Schön, D., Xiao, J., Golnak, R., Tesch, M. F., Winter, B., Velasco Vélez, J., et al. (2017). Introducing Ionic-Current Detection for X-ray Absorption Spectroscopy in Liquid Cells. The Journal of Physical Chemistry Letters, 8(9), 2087-2092. doi:10.1021/acs.jpclett.7b00646.

Cite as: https://hdl.handle.net/11858/00-001M-0000-002D-2BFE-2

Abstract

Photons and electrons are two common relaxation products upon X-ray absorption, enabling fluorescence yield and electron yield detections for X-ray absorption spectroscopy (XAS). The ions that are created during the electron yield process are relaxation products too, which are exploited in this study to produce ion yield for XA detection. The ionic currents measured in a liquid cell filled with water or iron(III) nitrate aqueous solutions exhibit characteristic O K-edge and Fe L-edge absorption profiles as a function of excitation energy.

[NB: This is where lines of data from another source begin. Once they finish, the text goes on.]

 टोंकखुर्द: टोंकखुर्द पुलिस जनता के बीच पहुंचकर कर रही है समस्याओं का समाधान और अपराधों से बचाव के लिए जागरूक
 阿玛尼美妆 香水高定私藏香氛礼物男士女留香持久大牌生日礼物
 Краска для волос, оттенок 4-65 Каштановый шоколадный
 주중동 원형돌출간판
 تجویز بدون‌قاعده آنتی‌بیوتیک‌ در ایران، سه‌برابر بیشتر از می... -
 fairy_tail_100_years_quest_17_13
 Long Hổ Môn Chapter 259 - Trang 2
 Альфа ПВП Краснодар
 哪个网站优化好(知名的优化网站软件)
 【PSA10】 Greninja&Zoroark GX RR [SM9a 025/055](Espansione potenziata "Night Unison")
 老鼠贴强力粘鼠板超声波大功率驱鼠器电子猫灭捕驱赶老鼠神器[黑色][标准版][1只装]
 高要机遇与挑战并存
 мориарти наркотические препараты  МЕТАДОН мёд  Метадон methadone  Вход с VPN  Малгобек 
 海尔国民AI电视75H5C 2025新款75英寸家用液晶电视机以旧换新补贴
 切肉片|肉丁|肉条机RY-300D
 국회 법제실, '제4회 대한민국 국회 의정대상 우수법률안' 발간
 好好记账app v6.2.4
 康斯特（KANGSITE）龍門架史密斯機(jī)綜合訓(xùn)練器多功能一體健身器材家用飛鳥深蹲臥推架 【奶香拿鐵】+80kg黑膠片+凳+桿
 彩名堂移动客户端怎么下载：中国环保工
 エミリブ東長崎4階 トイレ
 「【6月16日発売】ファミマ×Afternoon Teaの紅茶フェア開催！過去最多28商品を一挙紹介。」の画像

Application of two electrodes installed in the cell is crucial for obtaining the XA spectra of the liquids behind membranes. Using a single electrode can only probe the species adsorbed on the membrane surface. The ionic-current detection, termed as total ion yield (TIY) in this study, also produces an undistorted Fe L-edge XA spectrum, indicating its promising role as a novel detection method for XAS studies in liquid cells.